Hi there. We’ve given you a basic overview of what to expect when you’re completing the Writing Section of the TOEFL Exam. In this part of the course, we’ll dive deeper into the writing tasks, and give you the strategy you need to achieve the score that you’re working hard to achieve. Let’s get started.
Before we dive into the individual writing tasks, there are a couple more general strategies to keep in mind. First, use grammar structures and vocabulary that you understand. Don’t try and use too many complicated words, phrases, or grammar structures. If you do, you run the risk of making more mistakes. Before you take TOEFL Preparation Classes, make sure that your ability to use grammar and vocabulary is sufficient.
The second thing is about when you’re typing. You’ll certainly be compelled to keep your eyes on the clock and write your answer as quickly as possible. Slow down. Take your time. Prepare your answer first before you write it. This will prevent you from making unnecessary mistakes with grammar and spelling. Okay? Good. Now, let’s get into the questions themselves.
Writing Task One is the fact-based question. You will be asked to contract two different arguments about the same topic. There will be three main points that you will be required to include in their answer. First, a reading passage will be displayed. This passage will support the topic. You will be given three minutes to read the text. Don’t worry.
The text will appear after the listening excerpt. It is for this reason you should only read the main argument or opinion for those initial three minutes. Be sure to write down those three main points to prepare for the listening section, which contrasts or even contradicts the three main points in the reading passage. This is where your attention is most important.
The listening section is only played once. Try to write down the three main points that go against the reading passage in order to prepare your essay. Another thing that you should do is to take down the points in the order you hear them. This order is important. Why is it important, you ask? The first point that you read in the reading passage will have its counter-argument in the first point you hear in the listening section. In other words, it will make organizing your response easier, and less time-consuming.
Once the audio is finished, you will already have the points written, and you will simply have to go back to the reading passage, and look for the opposing ideas. If done correctly, you should only require five minutes out of the twenty given to you to complete the writing.
After you have the main points from both the listening and the reading passages, it will then simply be a matter of composing a well-written comparative essay. How would you organize it? When doing the fact-based writing task, it’s best practice to employ a four-paragraph structure. In the first paragraph, you should certainly go into the main idea and the arguments made in both the reading and listening. Don’t give too many details, as they will be used in the corresponding three paragraphs.
Then, with the second, third, and fourth paragraphs, you introduce each paragraph using the points that support the main idea that you heard in both the reading and the listening. You should go into detail with the opposing points in both the reading and the listening. From these three paragraphs, you should also follow the order that the points appeared. Again, this will help minimize your preparation time. For this writing task, you will have twenty minutes to compose 150 – 225 words.
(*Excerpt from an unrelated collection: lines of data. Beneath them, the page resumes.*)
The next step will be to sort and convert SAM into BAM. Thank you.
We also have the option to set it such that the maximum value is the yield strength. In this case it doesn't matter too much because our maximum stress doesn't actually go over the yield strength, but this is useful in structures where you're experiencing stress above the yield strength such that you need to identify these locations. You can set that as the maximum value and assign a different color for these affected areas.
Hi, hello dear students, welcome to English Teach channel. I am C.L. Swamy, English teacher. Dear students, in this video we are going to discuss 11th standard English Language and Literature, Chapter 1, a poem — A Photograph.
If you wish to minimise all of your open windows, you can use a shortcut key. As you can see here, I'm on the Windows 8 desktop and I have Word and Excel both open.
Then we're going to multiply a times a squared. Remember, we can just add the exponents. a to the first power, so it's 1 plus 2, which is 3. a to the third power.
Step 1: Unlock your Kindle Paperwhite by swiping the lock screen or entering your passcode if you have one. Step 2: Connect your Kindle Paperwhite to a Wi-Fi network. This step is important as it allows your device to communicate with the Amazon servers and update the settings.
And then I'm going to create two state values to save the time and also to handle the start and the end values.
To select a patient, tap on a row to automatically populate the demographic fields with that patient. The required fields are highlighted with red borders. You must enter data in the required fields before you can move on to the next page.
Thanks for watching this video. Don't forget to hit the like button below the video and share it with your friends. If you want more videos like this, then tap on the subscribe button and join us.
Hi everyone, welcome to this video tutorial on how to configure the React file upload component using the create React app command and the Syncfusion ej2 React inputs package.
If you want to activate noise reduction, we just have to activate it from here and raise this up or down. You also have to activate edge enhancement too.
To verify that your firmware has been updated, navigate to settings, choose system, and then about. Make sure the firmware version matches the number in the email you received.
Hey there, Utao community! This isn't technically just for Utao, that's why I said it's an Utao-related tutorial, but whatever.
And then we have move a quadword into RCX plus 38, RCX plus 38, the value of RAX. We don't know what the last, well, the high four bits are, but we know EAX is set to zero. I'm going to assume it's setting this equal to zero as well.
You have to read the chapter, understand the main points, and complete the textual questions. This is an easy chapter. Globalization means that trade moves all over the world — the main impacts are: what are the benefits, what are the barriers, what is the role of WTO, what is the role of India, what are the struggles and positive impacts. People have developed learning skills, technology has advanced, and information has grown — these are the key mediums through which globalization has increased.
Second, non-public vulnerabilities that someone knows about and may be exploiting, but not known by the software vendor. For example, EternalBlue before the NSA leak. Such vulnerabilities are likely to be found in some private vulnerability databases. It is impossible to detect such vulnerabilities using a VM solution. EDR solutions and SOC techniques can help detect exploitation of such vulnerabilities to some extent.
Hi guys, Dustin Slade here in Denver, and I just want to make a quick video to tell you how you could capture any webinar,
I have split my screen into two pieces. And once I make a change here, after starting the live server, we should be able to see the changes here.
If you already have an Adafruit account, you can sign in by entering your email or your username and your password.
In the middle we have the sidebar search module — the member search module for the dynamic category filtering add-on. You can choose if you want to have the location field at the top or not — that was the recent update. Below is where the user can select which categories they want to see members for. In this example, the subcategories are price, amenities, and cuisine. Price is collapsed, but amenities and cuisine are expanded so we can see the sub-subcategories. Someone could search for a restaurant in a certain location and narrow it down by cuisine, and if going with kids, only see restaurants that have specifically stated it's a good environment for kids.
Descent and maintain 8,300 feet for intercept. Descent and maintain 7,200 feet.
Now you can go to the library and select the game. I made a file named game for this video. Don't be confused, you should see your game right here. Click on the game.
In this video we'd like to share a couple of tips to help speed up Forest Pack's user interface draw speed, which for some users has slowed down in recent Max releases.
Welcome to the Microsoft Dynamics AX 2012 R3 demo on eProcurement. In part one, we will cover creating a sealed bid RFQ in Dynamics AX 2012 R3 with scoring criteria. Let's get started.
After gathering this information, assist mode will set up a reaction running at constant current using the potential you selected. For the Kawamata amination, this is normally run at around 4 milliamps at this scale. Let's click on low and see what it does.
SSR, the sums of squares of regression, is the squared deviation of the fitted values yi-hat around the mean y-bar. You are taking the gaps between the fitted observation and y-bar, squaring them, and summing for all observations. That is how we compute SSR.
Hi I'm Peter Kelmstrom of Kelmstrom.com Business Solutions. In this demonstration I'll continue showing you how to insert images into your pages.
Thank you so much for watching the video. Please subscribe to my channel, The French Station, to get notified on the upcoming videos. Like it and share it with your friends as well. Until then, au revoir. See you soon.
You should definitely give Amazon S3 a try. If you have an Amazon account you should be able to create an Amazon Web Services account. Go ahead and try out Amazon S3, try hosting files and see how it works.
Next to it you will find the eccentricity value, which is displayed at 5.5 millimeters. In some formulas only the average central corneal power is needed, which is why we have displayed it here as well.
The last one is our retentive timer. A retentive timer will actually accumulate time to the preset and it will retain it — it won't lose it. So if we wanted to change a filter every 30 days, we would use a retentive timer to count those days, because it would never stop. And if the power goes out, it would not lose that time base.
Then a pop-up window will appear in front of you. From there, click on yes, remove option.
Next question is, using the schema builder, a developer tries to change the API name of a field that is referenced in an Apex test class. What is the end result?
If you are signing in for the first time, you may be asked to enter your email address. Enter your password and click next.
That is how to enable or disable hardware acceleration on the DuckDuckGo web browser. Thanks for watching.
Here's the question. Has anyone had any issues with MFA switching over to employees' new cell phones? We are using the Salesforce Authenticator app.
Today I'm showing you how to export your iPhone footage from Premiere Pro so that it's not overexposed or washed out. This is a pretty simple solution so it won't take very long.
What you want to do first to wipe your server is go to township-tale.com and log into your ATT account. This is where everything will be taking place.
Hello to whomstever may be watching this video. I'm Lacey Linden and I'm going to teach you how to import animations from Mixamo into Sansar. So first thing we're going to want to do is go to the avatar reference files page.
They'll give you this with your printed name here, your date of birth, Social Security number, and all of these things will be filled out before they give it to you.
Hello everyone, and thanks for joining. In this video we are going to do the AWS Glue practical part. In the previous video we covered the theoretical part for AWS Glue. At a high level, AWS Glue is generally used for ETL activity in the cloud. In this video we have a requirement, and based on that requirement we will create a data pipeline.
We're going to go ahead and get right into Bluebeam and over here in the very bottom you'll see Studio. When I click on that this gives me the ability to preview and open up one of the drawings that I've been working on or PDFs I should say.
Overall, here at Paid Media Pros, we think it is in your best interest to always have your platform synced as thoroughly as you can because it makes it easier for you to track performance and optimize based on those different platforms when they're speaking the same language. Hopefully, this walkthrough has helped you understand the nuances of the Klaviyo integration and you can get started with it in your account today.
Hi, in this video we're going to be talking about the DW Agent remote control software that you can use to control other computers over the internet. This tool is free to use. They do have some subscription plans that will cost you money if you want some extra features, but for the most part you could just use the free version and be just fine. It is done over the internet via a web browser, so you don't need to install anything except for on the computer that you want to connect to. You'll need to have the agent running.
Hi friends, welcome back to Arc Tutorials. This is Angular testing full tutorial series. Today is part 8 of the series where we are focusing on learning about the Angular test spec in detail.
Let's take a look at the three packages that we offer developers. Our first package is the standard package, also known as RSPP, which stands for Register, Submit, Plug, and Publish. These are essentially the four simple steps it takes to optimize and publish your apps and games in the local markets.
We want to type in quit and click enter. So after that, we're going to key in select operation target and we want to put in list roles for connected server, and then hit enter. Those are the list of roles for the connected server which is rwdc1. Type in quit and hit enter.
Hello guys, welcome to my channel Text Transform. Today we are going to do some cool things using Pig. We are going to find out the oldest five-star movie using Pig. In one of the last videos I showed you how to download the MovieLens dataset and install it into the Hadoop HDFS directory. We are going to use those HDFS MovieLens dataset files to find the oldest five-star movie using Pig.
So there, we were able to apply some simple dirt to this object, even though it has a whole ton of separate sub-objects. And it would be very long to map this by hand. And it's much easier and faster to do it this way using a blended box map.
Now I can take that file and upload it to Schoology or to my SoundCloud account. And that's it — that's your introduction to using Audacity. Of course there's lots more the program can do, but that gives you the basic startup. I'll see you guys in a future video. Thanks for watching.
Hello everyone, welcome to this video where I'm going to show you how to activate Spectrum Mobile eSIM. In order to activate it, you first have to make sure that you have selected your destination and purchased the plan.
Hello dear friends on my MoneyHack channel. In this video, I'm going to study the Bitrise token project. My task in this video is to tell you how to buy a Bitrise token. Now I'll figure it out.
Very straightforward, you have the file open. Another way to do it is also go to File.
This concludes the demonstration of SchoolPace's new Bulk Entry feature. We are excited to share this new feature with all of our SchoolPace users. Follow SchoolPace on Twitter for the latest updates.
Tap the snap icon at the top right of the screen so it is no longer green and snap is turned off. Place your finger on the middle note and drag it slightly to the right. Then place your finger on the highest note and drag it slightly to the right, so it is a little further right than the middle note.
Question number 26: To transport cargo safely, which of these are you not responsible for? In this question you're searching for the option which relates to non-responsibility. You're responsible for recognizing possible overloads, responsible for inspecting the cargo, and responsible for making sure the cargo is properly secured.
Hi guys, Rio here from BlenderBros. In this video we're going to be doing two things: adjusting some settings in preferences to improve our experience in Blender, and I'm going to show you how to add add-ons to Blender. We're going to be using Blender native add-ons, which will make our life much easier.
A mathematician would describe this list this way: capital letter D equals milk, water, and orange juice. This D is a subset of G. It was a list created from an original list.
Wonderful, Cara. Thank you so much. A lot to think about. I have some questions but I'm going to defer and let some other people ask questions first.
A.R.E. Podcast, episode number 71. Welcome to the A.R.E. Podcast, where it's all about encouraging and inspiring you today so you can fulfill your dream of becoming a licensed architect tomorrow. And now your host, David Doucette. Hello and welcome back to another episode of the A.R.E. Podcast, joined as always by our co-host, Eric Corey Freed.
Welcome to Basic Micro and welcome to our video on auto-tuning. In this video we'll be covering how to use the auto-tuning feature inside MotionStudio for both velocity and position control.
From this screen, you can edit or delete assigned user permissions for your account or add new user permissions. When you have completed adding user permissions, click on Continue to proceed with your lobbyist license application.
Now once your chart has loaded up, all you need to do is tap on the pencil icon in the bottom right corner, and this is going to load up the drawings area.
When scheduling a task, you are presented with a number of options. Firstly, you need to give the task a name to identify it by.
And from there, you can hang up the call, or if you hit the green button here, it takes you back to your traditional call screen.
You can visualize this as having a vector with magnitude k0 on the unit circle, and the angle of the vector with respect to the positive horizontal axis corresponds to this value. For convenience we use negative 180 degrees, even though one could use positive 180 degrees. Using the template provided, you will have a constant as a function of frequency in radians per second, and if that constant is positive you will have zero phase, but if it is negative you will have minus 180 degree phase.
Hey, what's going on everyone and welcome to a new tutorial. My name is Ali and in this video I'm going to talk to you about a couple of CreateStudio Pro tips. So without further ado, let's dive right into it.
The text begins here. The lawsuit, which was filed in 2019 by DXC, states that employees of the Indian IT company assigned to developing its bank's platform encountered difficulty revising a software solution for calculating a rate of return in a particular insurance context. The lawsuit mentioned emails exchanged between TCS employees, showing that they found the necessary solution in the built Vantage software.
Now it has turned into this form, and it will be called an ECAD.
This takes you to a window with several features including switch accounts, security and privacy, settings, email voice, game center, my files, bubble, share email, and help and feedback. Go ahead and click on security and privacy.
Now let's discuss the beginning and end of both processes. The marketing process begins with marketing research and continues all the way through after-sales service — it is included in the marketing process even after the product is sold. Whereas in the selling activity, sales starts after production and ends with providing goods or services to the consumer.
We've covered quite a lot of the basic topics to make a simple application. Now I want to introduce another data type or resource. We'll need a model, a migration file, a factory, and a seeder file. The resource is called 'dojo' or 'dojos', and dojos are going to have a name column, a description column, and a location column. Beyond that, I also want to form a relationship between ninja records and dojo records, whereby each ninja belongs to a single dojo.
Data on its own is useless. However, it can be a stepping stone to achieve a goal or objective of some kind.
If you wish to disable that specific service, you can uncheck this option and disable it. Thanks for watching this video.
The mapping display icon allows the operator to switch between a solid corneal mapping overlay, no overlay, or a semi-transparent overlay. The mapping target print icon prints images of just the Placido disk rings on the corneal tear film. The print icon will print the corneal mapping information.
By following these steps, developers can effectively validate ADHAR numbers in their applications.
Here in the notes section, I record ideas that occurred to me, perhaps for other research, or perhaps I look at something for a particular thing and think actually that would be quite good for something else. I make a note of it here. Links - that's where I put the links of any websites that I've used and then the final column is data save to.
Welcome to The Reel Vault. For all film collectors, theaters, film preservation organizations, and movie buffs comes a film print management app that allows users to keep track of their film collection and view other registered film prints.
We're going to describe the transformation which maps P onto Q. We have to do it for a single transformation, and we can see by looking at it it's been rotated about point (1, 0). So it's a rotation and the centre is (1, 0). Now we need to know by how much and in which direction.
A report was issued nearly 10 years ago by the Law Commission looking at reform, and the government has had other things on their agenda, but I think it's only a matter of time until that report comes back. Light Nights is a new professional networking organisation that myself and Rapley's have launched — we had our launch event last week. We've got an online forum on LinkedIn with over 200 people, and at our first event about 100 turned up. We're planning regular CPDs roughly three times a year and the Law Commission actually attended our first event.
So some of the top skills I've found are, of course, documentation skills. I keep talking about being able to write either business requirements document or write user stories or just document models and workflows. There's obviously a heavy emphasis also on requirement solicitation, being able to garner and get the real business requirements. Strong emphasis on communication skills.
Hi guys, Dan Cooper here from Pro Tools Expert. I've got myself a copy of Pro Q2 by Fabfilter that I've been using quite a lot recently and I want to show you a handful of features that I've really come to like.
With the second writing task, you will have to give an opinion on a general topic. You will be given thirty minutes to complete it. In order to complete this opinion-based task, you should organize your time in three sections. First, you should spend about five minutes coming up with a plan for your writing. Think about your opinion, and have all of your reasons ready to go before you put pen to paper. Stand by your opinion, and the points you intend to use, and try not to deviate when you’re writing.
The second part is the actual writing of your essay. This should take about 15 – 20 minutes to do. Finally, with the last few minutes comes the last section, and that is the editing of your piece.
When writing your piece, the formal, or the five-paragraph essay structure should be used. The first paragraph, or the introduction, is where students introduce the main idea, or the thesis. Then, to make it true, support your thesis with the three points that you will use to mark each paragraph. Like the first writing task, be sure not to give too much detail. The second, third and fourth paragraphs are used to explain the main points that you used to reinforce your thesis.
Finally, with the fifth, and final paragraph, you should restate or paraphrase your central claim and ideas. With the conclusion, it’s always advisable to word it differently than you did in the introduction and conclusion to ensure that it doesn’t present itself as repetitive.
Read a couple of sample writing tasks to get an idea of how the formal essay structure and the comparative essay works in practice, do independent writing tasks, and adapt yourself to the pressures of writing a proper essay, and you’ll have no problem creating essays, even under the pressure that a lack of options will present, but also the pressure of time, as well.